“My favourite urban park is an oasis of calm and community in the middle of downtown”
This is how Jeff describes Old Government House Lawn, a park near the apartment he shares with his partner Noriko. Jeff is a retired former journalist who now rents by necessity after his horrific experiences with the leaky building crisis. Born and raised in Auckland, he has lived in cities all over the world, but Auckland’s City Centre is where he has chosen to, and I quote, “End my days here”.
I met Jeff outside The Clock Tower at the University of Auckland on the sunny, yet chilly, morning of Matariki. I wasn’t quite sure where I was going to be shown, but Jeff lead me into towards Old Government House and its Lawn.

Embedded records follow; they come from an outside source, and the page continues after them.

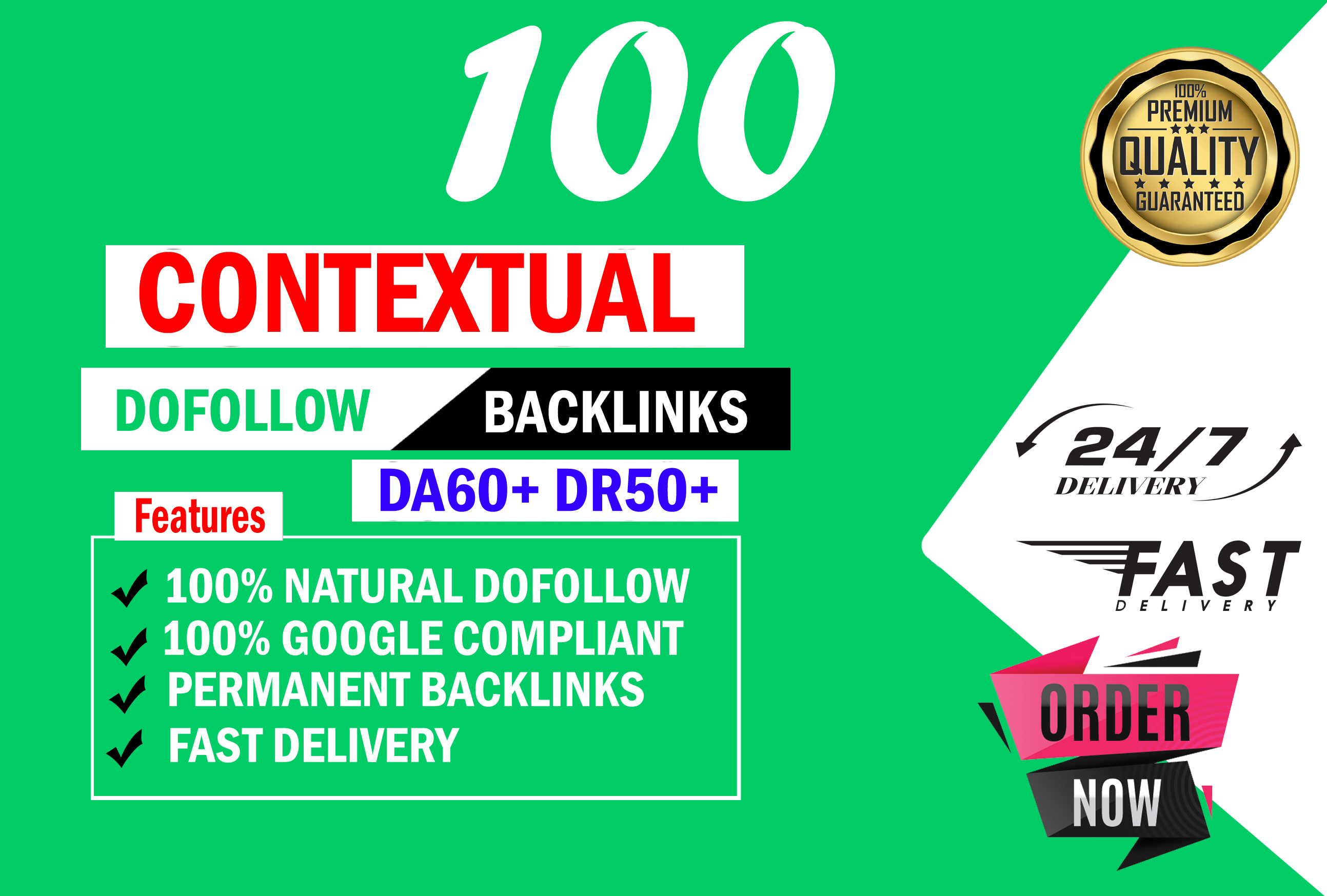 I will create high quality white hat contextual dofol...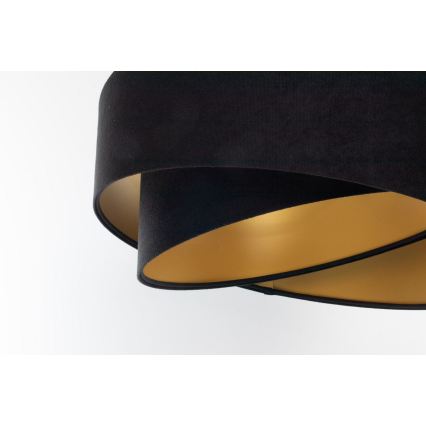 Universeller Lampenschirm GALAXY E27 Ø 45 cm Schwarz/Gold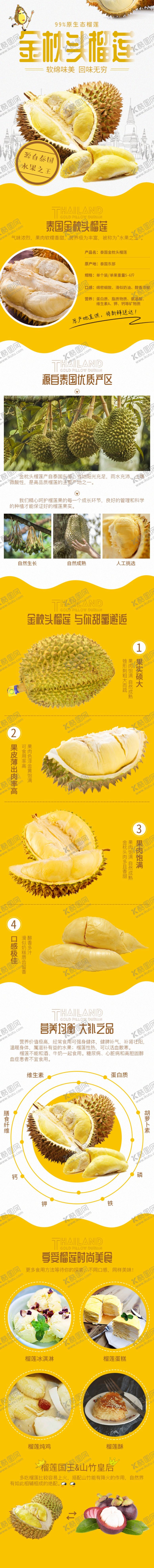 编号：76359212070156128513【酷图网】源文件下载-榴莲详情页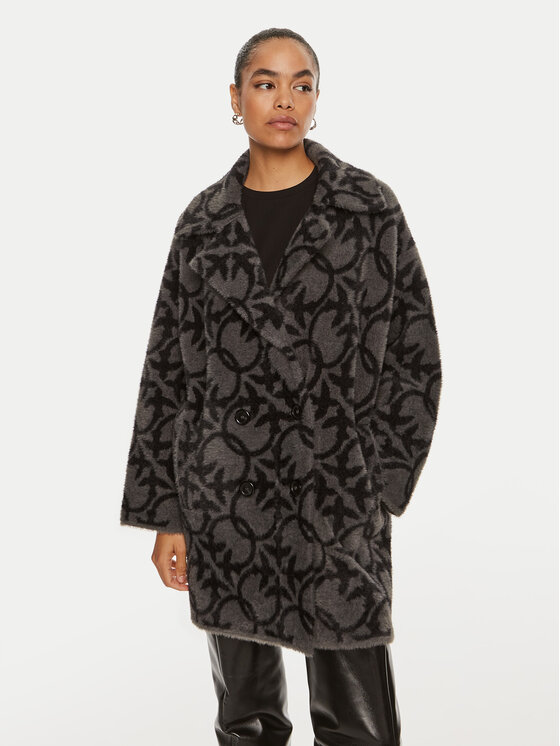 Pinko Prechodný kabát Toro 101573 A21Q Sivá Relaxed Fit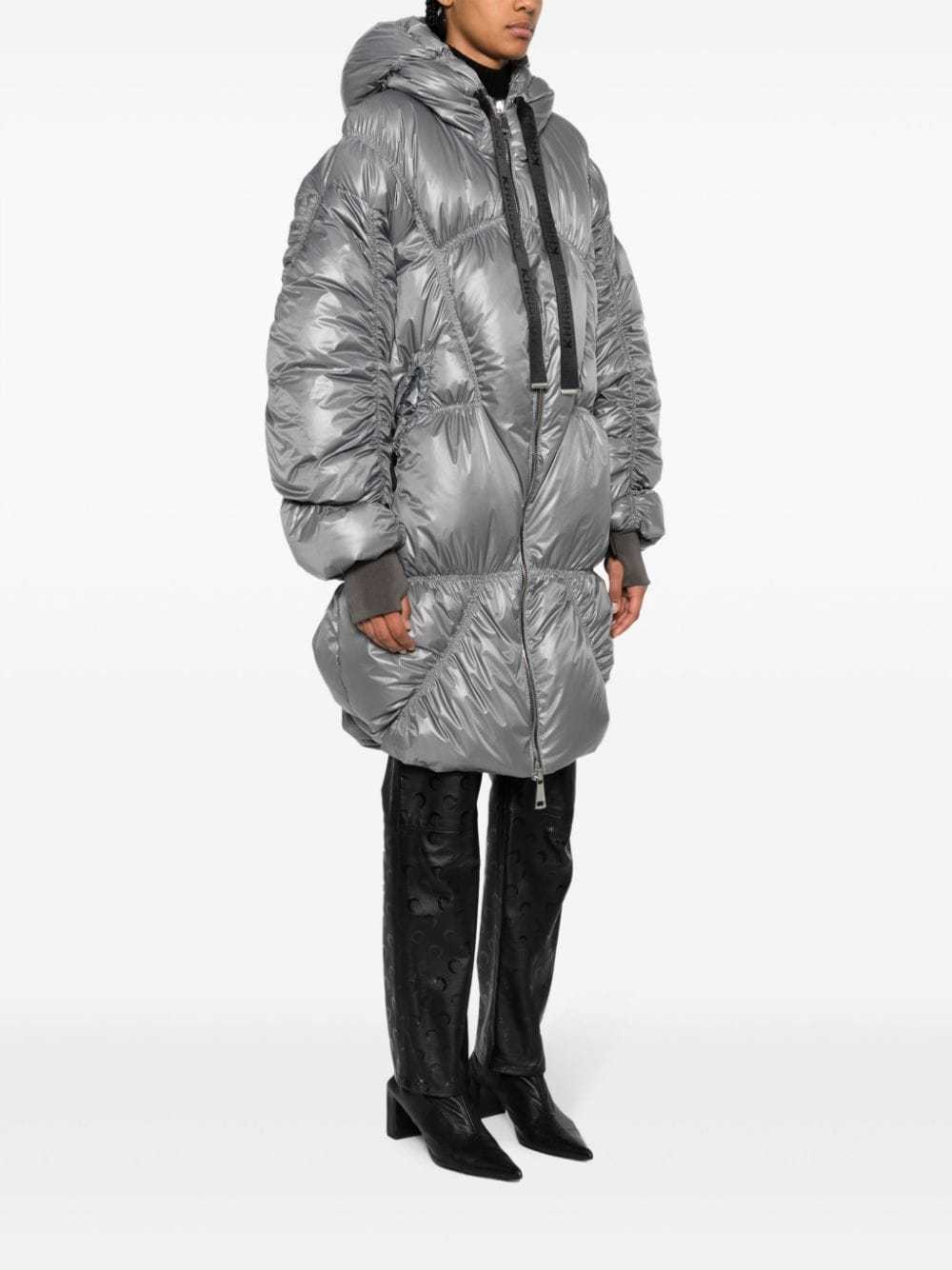 Khrisjoy Metallic-effect Padded Coat In Gray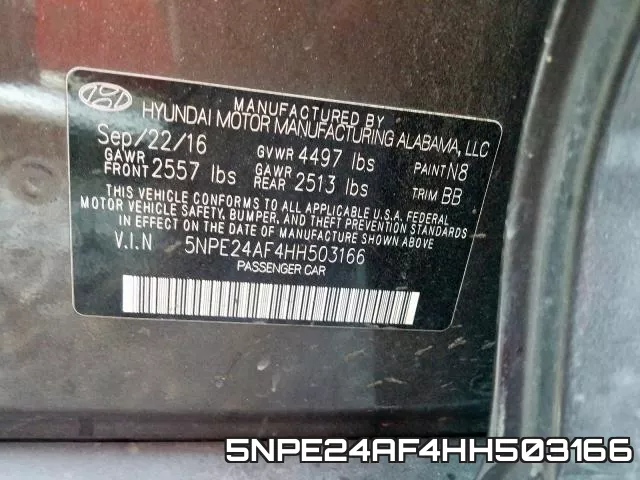 5NPE24AF4HH503166 фото 2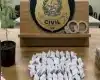 Polícia Civil apreendeu maconha, haxixe e cocaína em estabelecimento no bairro Piedade.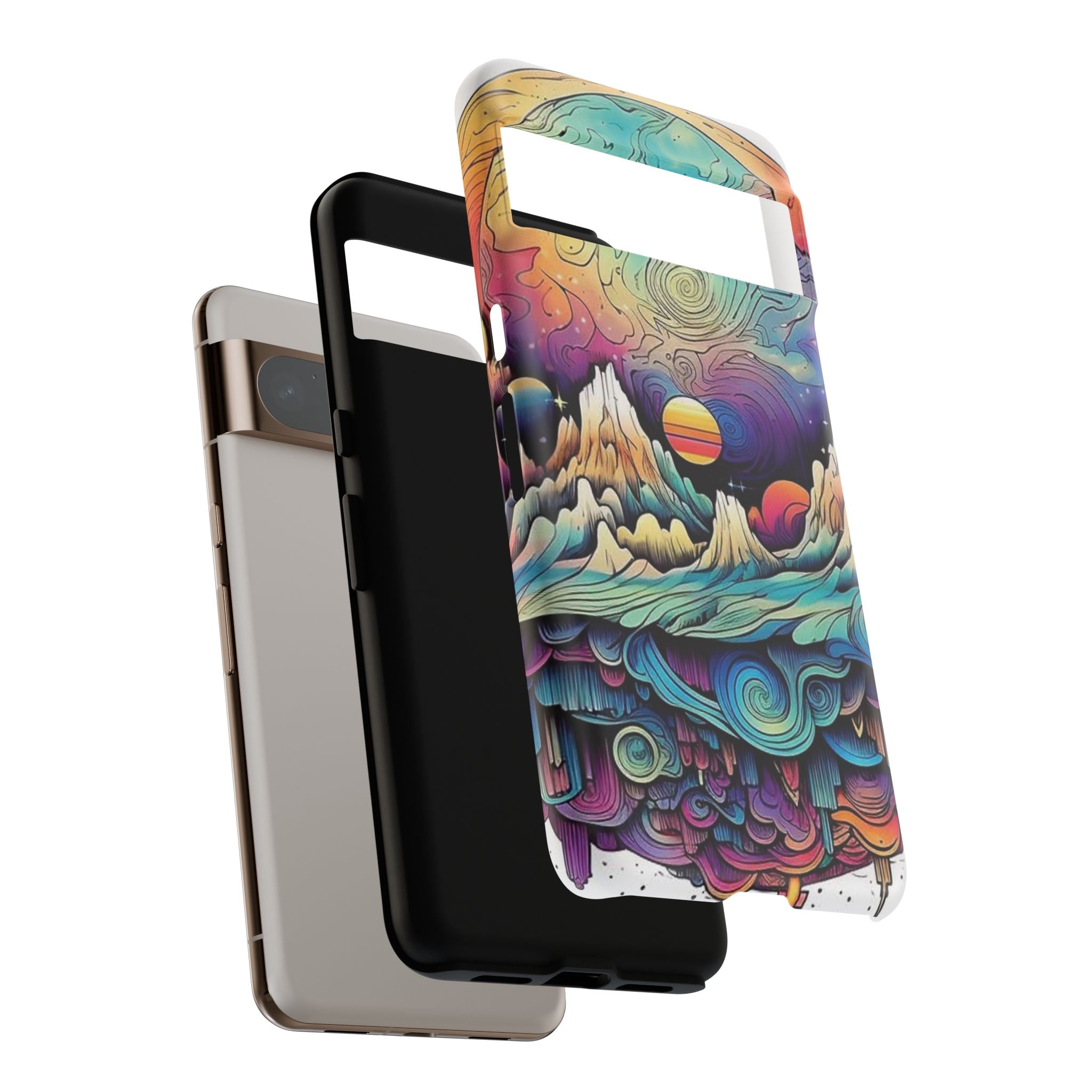 Psychedelic Mountain Sunset Tough Case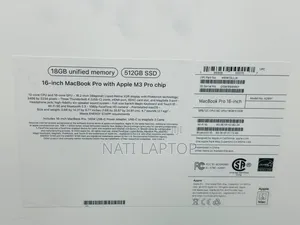 New Apple MacBook Pro 2023 M3 Pro 16-inch 36GB Apple M3 Pro SSD 512GB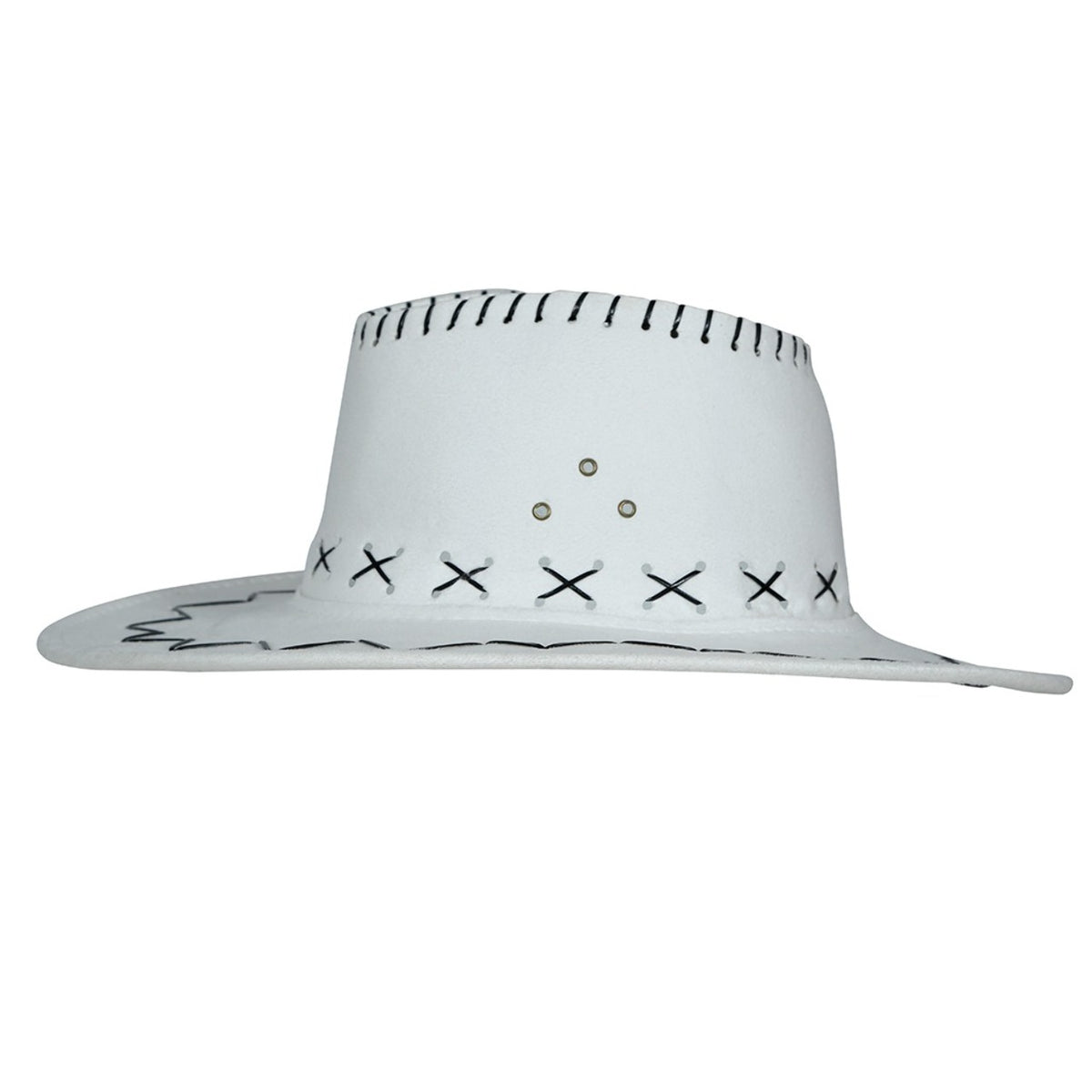 Chapeau de cow-boy blanc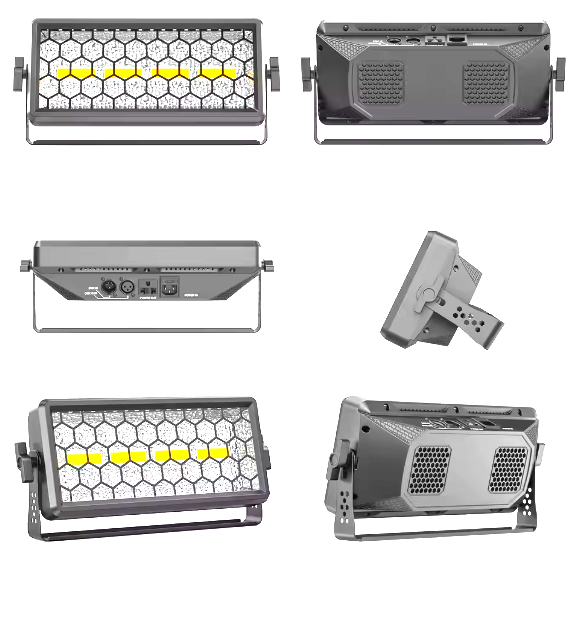 alpha-lumentec 150W Retro Bühnenlicht – RGB COB LED Wall Washer mit DMX & Strobe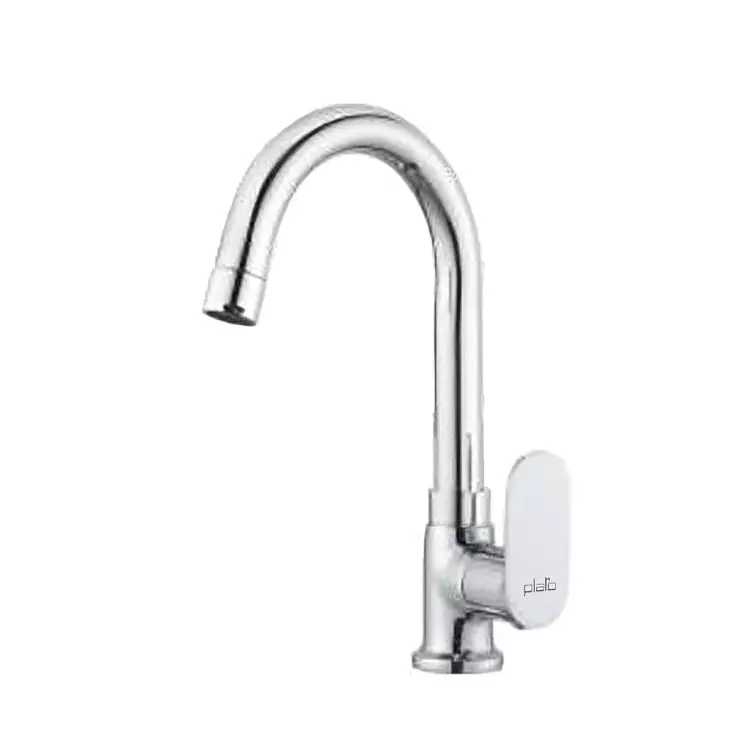 PLATO ORMONIO Series Pillar Cock Swan Neck Long Spout Silver, OR-008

As we walked along Princes street Jeff began to chronicle the colonial history of this area. What shifted from a fortified town in the 1850’s, to the manors of rich merchant and grand hotels. A number of prominent Jewish families lived in this part of the city - the Synagogue a testament to that - and over the years there have been a number of Jewish Mayors of Auckland, most well known I think Dove-Myer Robinson.
This was once the richest street of New Zealand, and the heart of colonial Auckland. But as Jeff spoke of the lurid details of history, which I’m sure I remember a mischievous grin on his face, there once were grand Gatsby like parties full of what were the ‘legal hard drugs’ of laudanum (opium), cocaine and so on. Protected by stone walls, which were built for the Albert Barracks in fears of invasion from the north and south, it was once the exclusive street of colonial Auckland. It acted as an enclave for the rich and powerful and, in fact, it represented the center of power in colonial New Zealand.
It’s a different world than the present, the buildings of the university with students and people from all over the world, the public space of Albert Park, and only a few of the old manors remain.
As we entered the university grounds we went from what Jeff describes as the “heart of the city, to native forest”. Next to Old Government House, gardens and wilds of trees and plants of all types. Kauri, Totara, Oaks, Pine, Japanese Fir, Himalayan Magnolia, Giant Redwood and many more.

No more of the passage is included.